La littérature étrangère représente 75% des publications Phébus. Ce domaine a permis de faire connaître au lecteur français le Chilien Francisco Coloane, le Hongrois Miklos Szentkuthy, l'Irlandais William Trevor, l'Anglais Charles Palliser. "Cette littérature s'est imposée d'elle-même. Pendant dix ans, nous avons refusé d'ouvrir une collection de romans français parce que nous recevions tous les textes que les autres éditeurs refusaient (Phébus reçoit environ 1 200 manuscrits par an). En plus, pour éditer de la bonne littérature française, il fallait avoir un carnet de chèques ou un carnet d'adresses bien fournis." Le succès de La Mémoire d'un fleuve en 1985 change quelque peu les choses, sans les bouleverser : le lecteur découvre Cédric Morgan ou Marc Trillard (Prix Interallié en 1994 avec Eldorado 51). "La littérature anglaise m'intéresse davantage que la littérature française.

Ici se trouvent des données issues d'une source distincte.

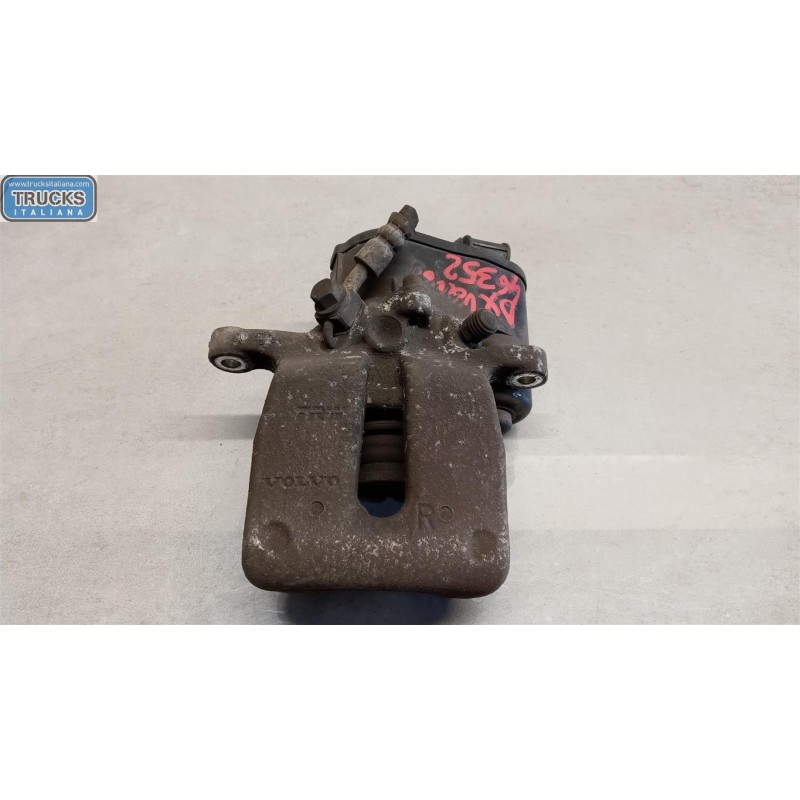 VOLVO RIGHT REAR CALIPER BRAKE  VOLVO V60 2010>2013 used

Il existe là-bas une véritable fermentation... Les Anglais ont réussi avec le Commonwealth ce que nous sommes peu parvenus à faire avec la francophonie. Et paradoxalement, ils ont appris le métissage après la décolonisation. En France, il y a du beau linge, c'est brodé au petit poil, mais cette littérature sent le renfermé. Son imagination ne va pas plus loin que le mur de la salle de bains!"

L'homme avoue son goût pour l'impertinence, les mal-pensants, les malappris, et son dégoût pour ce qui est consensuel. Il a quelques fiertés, aussi : la qualité de ses traductions - que le Grand prix national de la traduction a déjà récompensée (Nino Frank et René R. Khawam) -, sa typo qu'il considère comme l'une des plus belles de l'édition, sa revue annuelle Caravanes, "sans laquelle, je ne tiendrais pas" (plus de 400 pages, une somptueuse réussite - "comme une vendange tardive, les grains ne sont pas nombreux mais chargés de saveurs"). On peut y ajouter également sa ténacité face aux lois du marché.

Un géant en visite chez les nains

En 1990-1991, Phébus a failli connaître une éclipse durable : près de dix millions de francs de déficit, autant que le chiffre d'affaires annuel de l'époque. Finis les tirages de tête, finis les livres vêtus de vélin, finis les calendriers d'art. Le Seuil entre dans le capital. Sicre se serre la ceinture : il se soumet au Smic pendant cinq ans. Ce plan d'économies ne l'empêchera pourtant pas de sortir cinq volumes (1500 pages) d'un Anglais totalement inconnu, Charles Palliser. Sa perspicacité lui donne raison : plus de 60 000 exemplaires ont été vendus du Quinconce.

Côté regrets : celui de ne pas avoir publié le Manuscrit trouvé à Saragosse du Polonais Jan Potocki ("J'ai traversé l'Atlantique en 1985 pour ce livre"), tiré à son origine à quelques exemplaires à Saint-Petersbourg (José Corti le sortira, en grande partie, en 1992); celui également de travailler d'arrache-pied pour faire tourner la boutique ("Je ne pensais pas que ce serait une guerre aussi difficile"). Pour cette raison, le fondateur de Phébus s'est fixé une limite à son développement : être capable de lire tous les livres qu'il publie. Les projets? Ouvrir une collection poches pour valoriser les ouvrages de fonds (80% du chiffre d'affaires de Phébus repose sur les nouveautés...) "Mais pas avant 1998. Si la maison est aujourd'hui bien gérée, la trésorerie reste tendue..." En bon capitaine, Jean-Pierre Sicre sait qu'il faut choisir son temps pour ménager une embarcation. La traversée est si longue.